## Recorded data
====
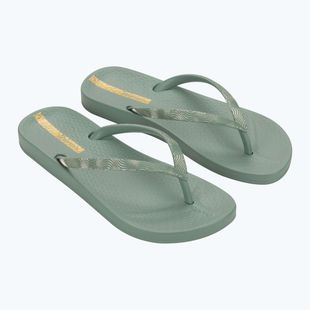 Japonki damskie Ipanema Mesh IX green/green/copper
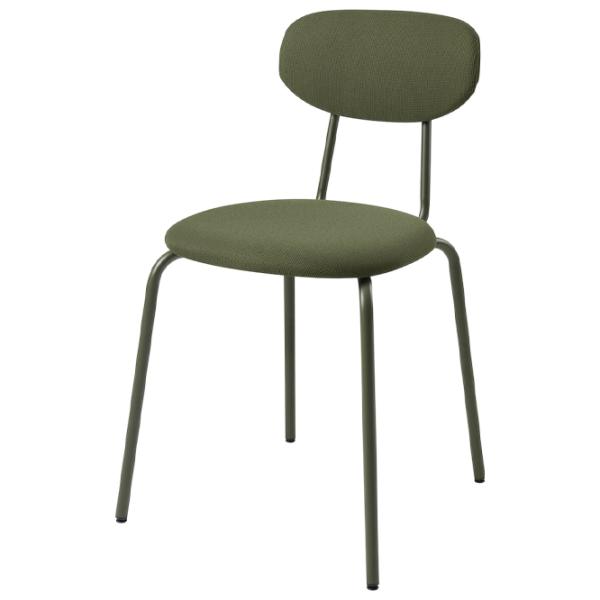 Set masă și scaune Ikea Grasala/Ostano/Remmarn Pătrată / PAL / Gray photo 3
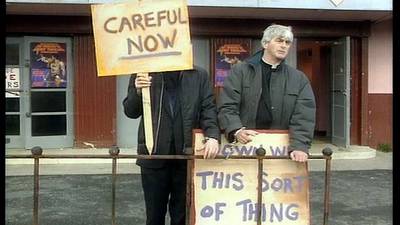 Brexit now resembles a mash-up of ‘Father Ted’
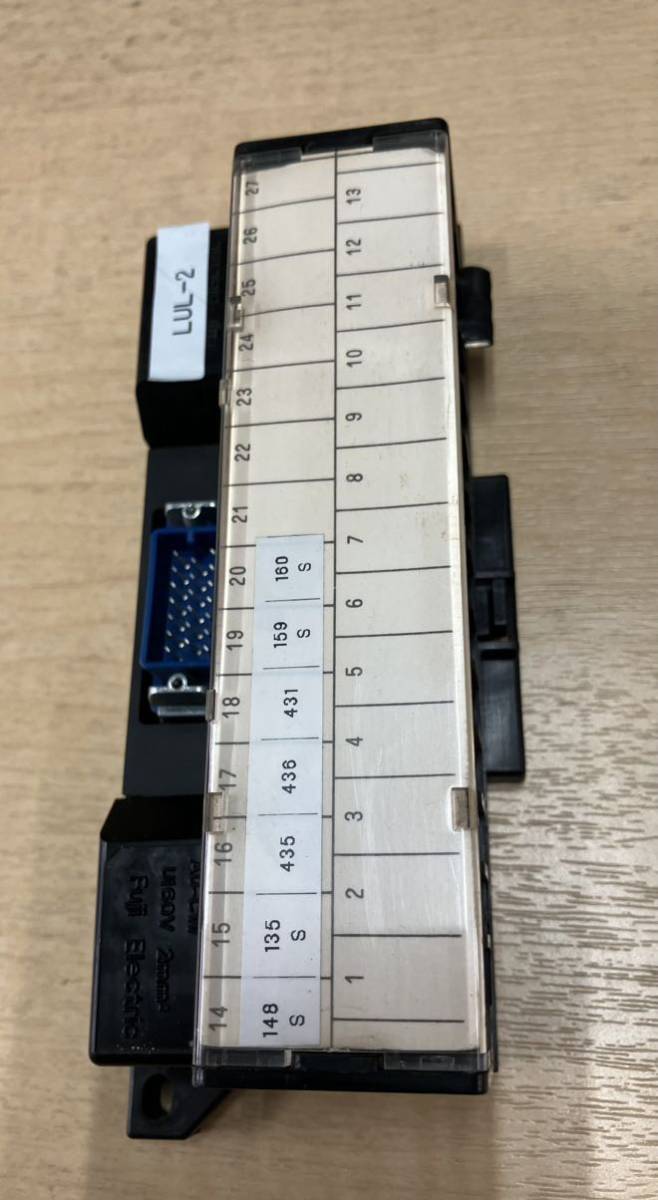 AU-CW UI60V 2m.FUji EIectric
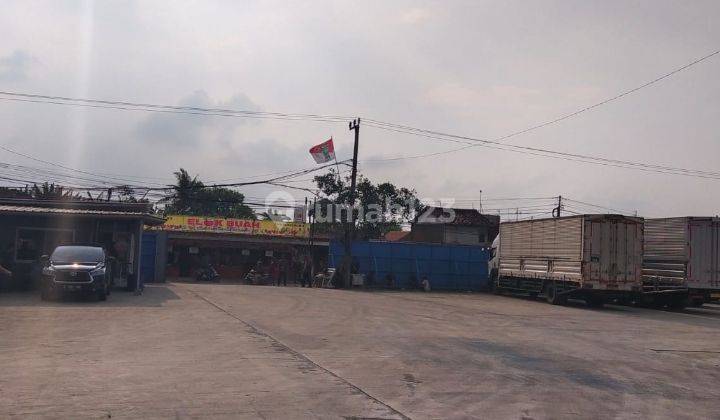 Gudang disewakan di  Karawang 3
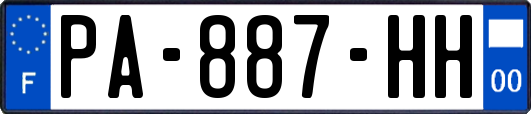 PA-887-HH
====
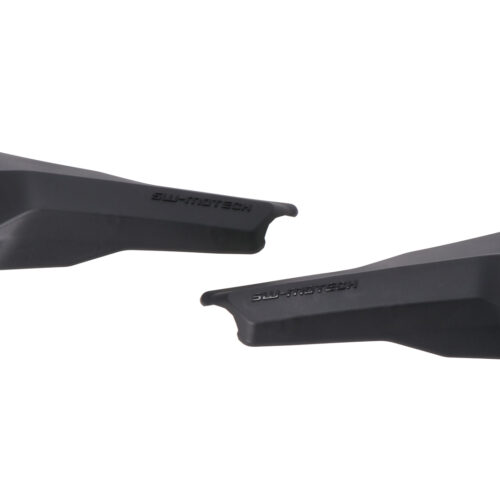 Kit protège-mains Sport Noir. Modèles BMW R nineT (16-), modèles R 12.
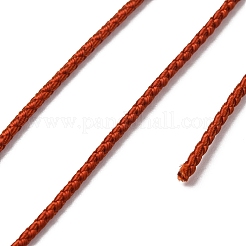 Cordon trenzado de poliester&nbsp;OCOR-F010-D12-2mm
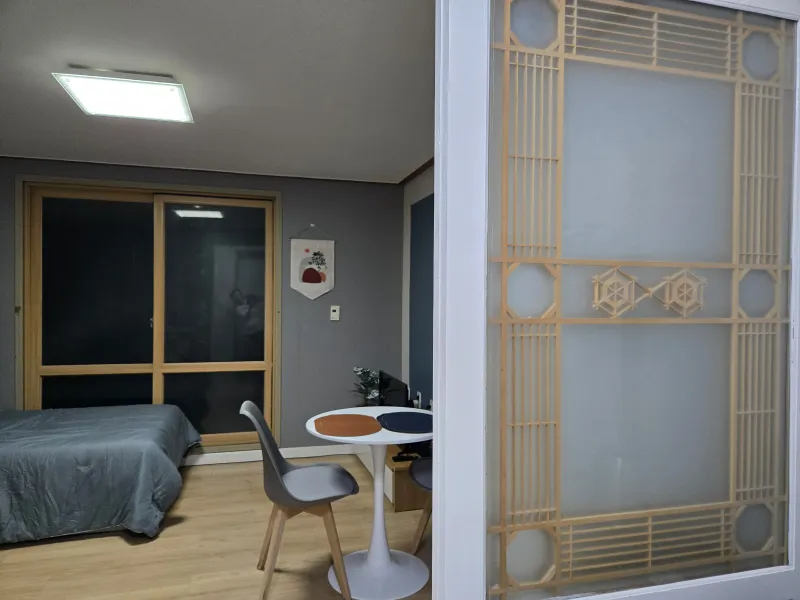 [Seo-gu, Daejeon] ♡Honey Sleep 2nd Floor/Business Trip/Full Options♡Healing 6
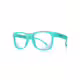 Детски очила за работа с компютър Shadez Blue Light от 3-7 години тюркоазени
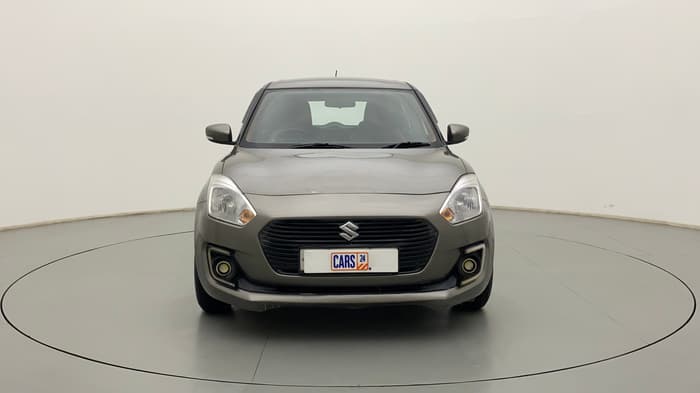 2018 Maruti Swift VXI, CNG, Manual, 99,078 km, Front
====
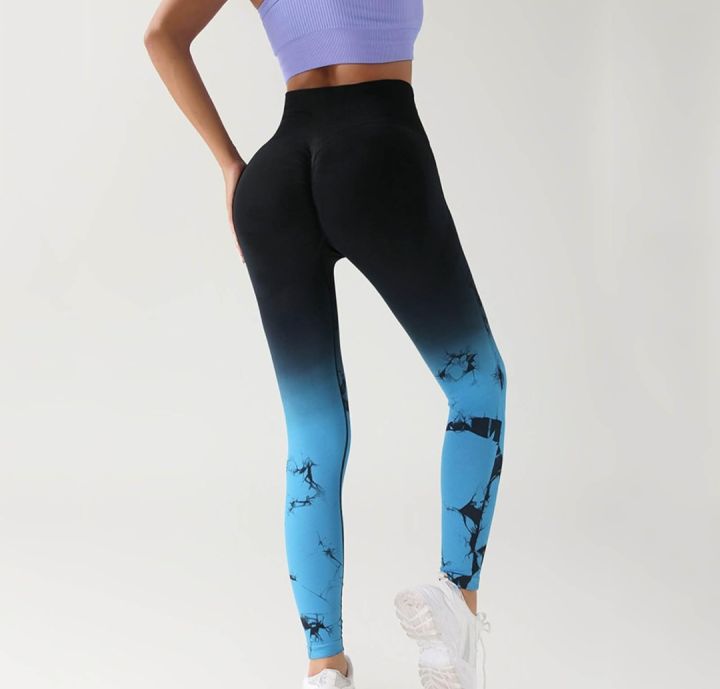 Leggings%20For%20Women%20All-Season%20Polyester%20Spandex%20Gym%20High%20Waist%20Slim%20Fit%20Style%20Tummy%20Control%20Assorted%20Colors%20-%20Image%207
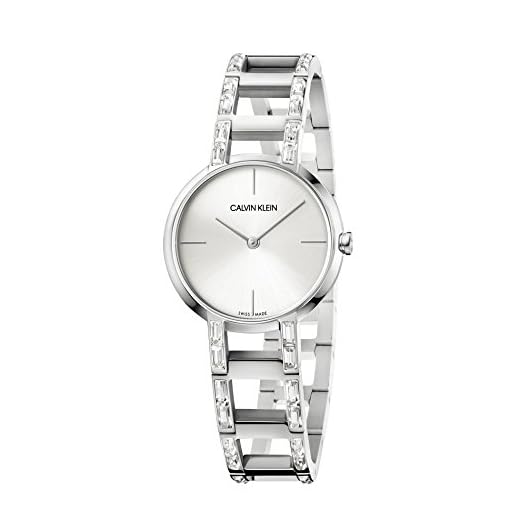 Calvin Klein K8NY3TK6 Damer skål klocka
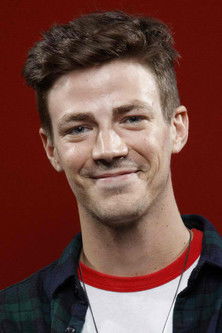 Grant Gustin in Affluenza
====
Among the entries above, take the lines from the one with "[Seo-gu, Daejeon] ♡Honey" through the one with "2018 Maruti Swift" and retype them exactly, leaving out the pictures.

 [Seo-gu, Daejeon] ♡Honey Sleep 2nd Floor/Business Trip/Full Options♡Healing 6
 Детски очила за работа с компютър Shadez Blue Light от 3-7 години тюркоазени
 2018 Maruti Swift VXI, CNG, Manual, 99,078 km, Front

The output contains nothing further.